I nominate using BBN/UCI-lisp editor terminology here, namely "embed".
CONS and LIST are embedding functions.

<M> For simplicity's sake, functions such as car,
<M> cdr, and their descendants should be considered as non-encapsulating,

They do the opposite. Again I nominate using BBN/UCI-lisp editor
terminology, namely "extract". CAR and NTH (in regard to its list
argument) are extracting functions.

IDENTITY is both the trivial embedding and the trivial extracting
function. To avoid recursion loops we should require nontrivial (strict)
embedding functions for LetRec.

<M> (declare (encapsulating-function <myfunc> . . .))

(declare (embedding-function <myfunc> . . .))
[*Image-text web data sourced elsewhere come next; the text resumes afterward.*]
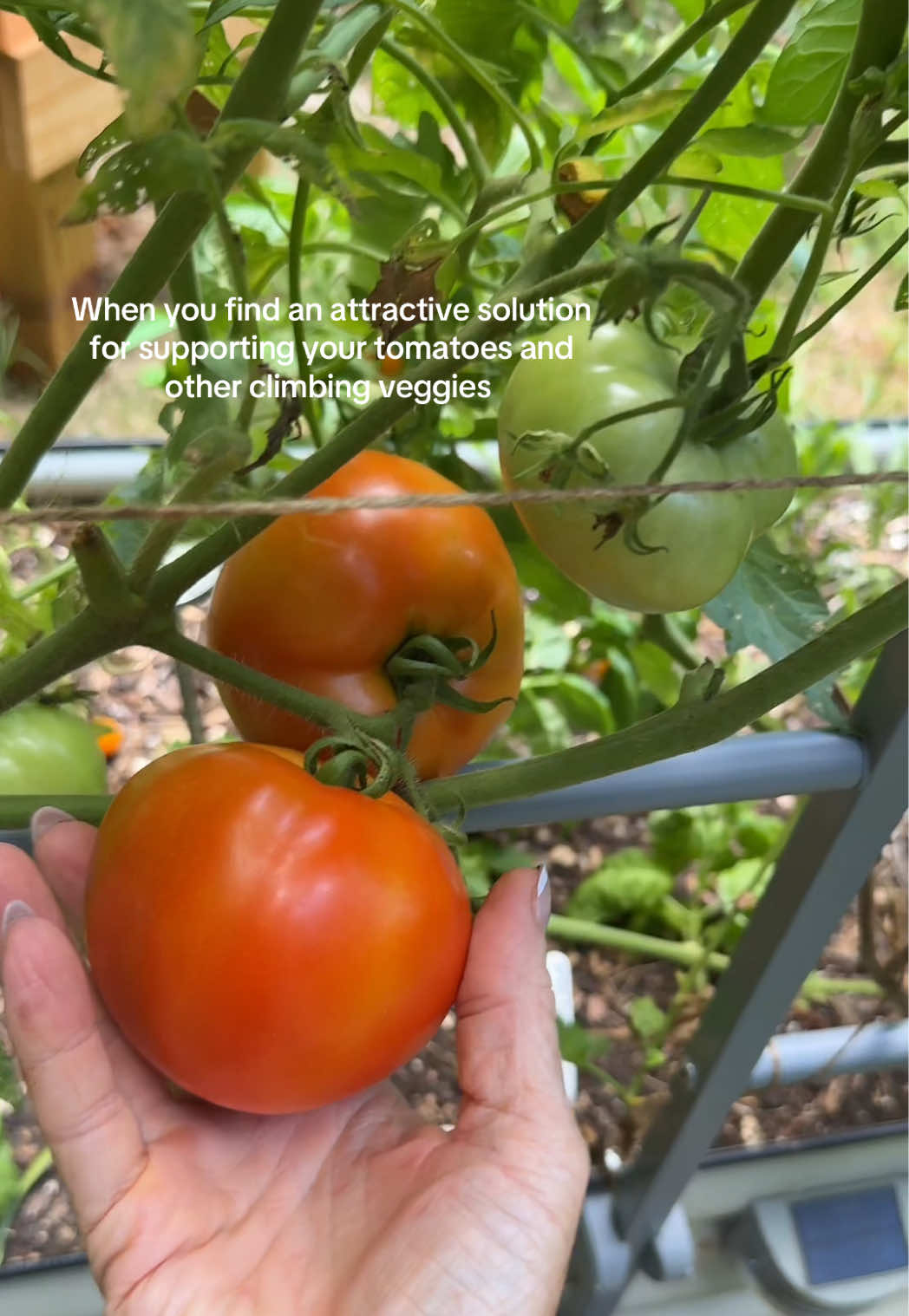 @The Ever Hopeful Gardener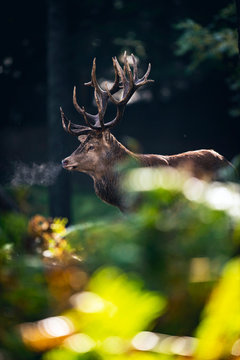 Fototapeta Red deer stag (cervus elaphus) in moisty autumn forest.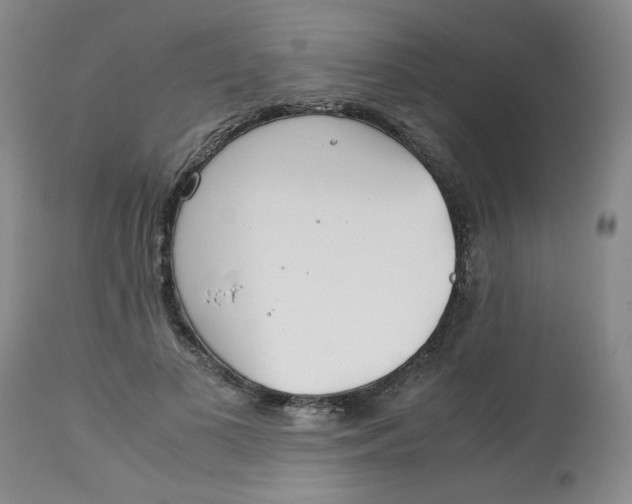 X0000113150693200909251328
Because "encapsulating" is a more elaborate concept usually, having to do
with closures and abstraction etc., I prefer to avoid that term for the
simple structural concept we're discussing here.

<M> ... to permit users to identify their own functions having this property
<M> (and to shoot themselves in the foot if they lie).  

(:- Or cut off their damn heels :-)

(N.B. That's from a comedy album played on KFAT dealing with chain saw.)

<M> The other implementational hurdles then seem surmountable *but* you
<M> would have to change the order in which encapsulating functions are
<M> evaluated - it would no longer be acceptable to grind through its
<M> arguments first.

In this case of LetRec, have low-level mechanism (part of LetRec) pass a
dummy forwarding cell, evaluate normally, then after return more
low-level LetRec mechanism do the replacement for the true value to
create circularity. This localizes the implementation work to LetRec
itself, not random functions such as CONS, thus it can be done outside a
Scheme-style lazy-evaluator within a normal evaluator.

<M> Whether it is worth adding to the language depends on how hard it is
<M> to implement, and how much additional cognitive clutter the language
<M> can stand.

More importantly, it shouldn't become part of CLtL until after it has
been implemented by at least several experimental implementations to work
out the bugs in the basic design and see if it really is useful.